Автор отзыва:
Евгений Писарев поставил в Театре Наций мольеровского «Тартюфа» в новом переводе — что среди прочего стало для меня поводом перечитать оригинал. Надо сказать, что за вычетом нескольких старомодных словоформ это до сих пор квинтэссенция французской классики — четкая, изящная, ироничная и, возможно, чуть более отражающая семнадцатый век, чем нам хотелось бы.
Текст, как выяснили ученые, полон аллюзий на разные дворцовые события, в том числе на любовницу короля Олимпию Манчини, которая пыталась помешать его новому роману с Луизой де Лавальер. Фразу «Ах, бедный!», которая на разные лады звучит в знаменитой сцене Оргона, в реальности произносил король Людовик в другой ситуации. Сам Мольер играл в спектакле Оргона, а роль Тартюфа исполнял дю Круази — возможно, отчасти это объясняет, почему заглавный герой появляется только в третьем акте из пяти (зато Оргон на сцене с первого же акта).
Изначально Мольер вообще написал трехактную пьесу, но хотел он того или нет, она оказалась в центре скандала и несколько раз запрещалась после первого представления. Как настоящий писатель, Мольер упорно боролся за свое детище, переписывал текст, смягчал образ Тартюфа, добавил пару влюбленных (Марианна – Валер) и в конечном счете написал королевский финал: Людовик, которого нет на сцене (потому что он вообще-то сидел среди публики), решает участь Оргона, который имел глупость хранить у себя компрометирующие документы своего друга, и милостиво позволяет ему дышать. В таком виде, прославляющем короля, пьеса была в конце концов дозволена к представлению, и имела, как сказал бы биограф Мольера Михаил Афанасьевич Булгаков, «анафемский успех».
В новой сценической версии убраны необязательные для развития сюжета строки, смягчены моменты, связанные с допустимыми тогда отношениями (поссорившись с сыном, Оргон собирается без всяких околичностей отколотить его палкой, служанке он собирается дать пощечину и т.д.) и действие перенесено в наши дни.
Телевизор мурлычет по-французски, многочисленная прислуга содержит в образцовом порядке приличный буржуазный дом Оргона (Игорь Гордин), в доверие к которому втерся изворотливый лицемер Тартюф (Сергей Волков).

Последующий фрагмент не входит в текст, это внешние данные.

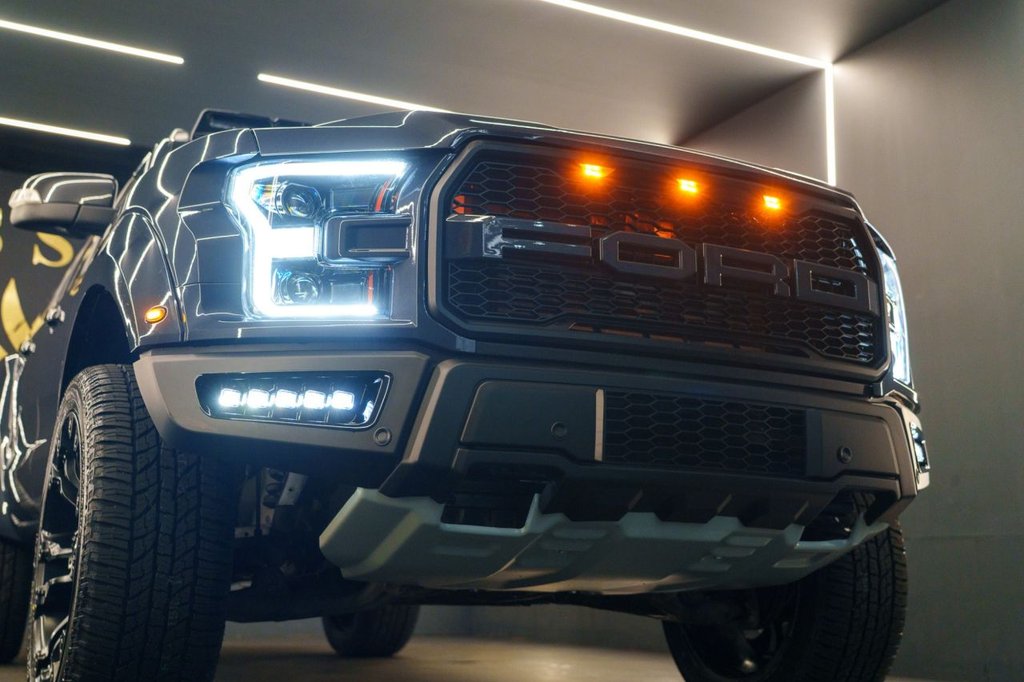 Used Ford Ranger 2022 for sale - 78029899: Photo 18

При взгляде на семью Оргона становится понятно, почему у него появилось желание приблизить к себе чужого человека, который будет целиком от него зависеть. У Оргона есть сын (Глеб Шевнин), дочь (Мила Ершова/Елизавета Кононова) и вторая жена Эльмира (Анна Чиповская), но по отношениям в семье что-то незаметно, чтобы ее глава хоть кому-то из них был нужен или просто интересен. Он уже давно не вызывает ни любви, ни привязанности, и даже раздражения, кажется, не вызывает. Какой-то скучный тип, который зарабатывает деньги и за чей счет все живут.
По большому счету он им не нужен — а Тартюф всячески показывает, как Оргон ему нужен. И вот уже Тартюф вертит Оргоном, как хочет, и если бы не одна, но пламенная страсть интригана — к Эльмире — без всяких проблем выжил бы заглавный герой из дома всех, точь-в-точь как кукушка выживает из гнезда ее законных обитателей. Но мимо Эльмиры никто бы не прошел, особенно когда она появляется на сцене в соблазнительном корсете. Нет на свете таких мужчин.
На классическом и, прямо скажем, весьма непростом материале Евгений Писарев поставил универсальный спектакль, который имеет шанс понравиться почти всем зрителям. Звездный актерский состав, Ирина Купченко в роли мадам Пернель (в другом составе Ольга Науменко), блистательные Сергей Волков и Игорь Гордин — кстати сказать, для обоих актеров их роли стали первыми в мольеровской вселенной. Некоторые зрители не любят, когда со сцены звучат рифмованные стихи, но здесь они проговариваются практически как проза. Очень удачно выступил Глеб Шевнин в роли Дамиса, обычно не самой выигрышной — учитывая, какие партнеры у него на сцене, можно сказать, что это действительно успех.
Что касается образа Тартюфа в этой трактовке, то он вовсе не причина, а следствие, и когда члены семьи думают, что они освободились от Тартюфа, они на самом деле просто расчистили дорогу для будущего Тартюфа. Который может оказаться гораздо хуже, так что Тартюф номер один будет казаться чуть ли не ностальгическим воспоминанием, вызывающим умиление. Но телевизор мило журчит по-французски, кажется, что все опасности миновали, и вообще — да здравствует король!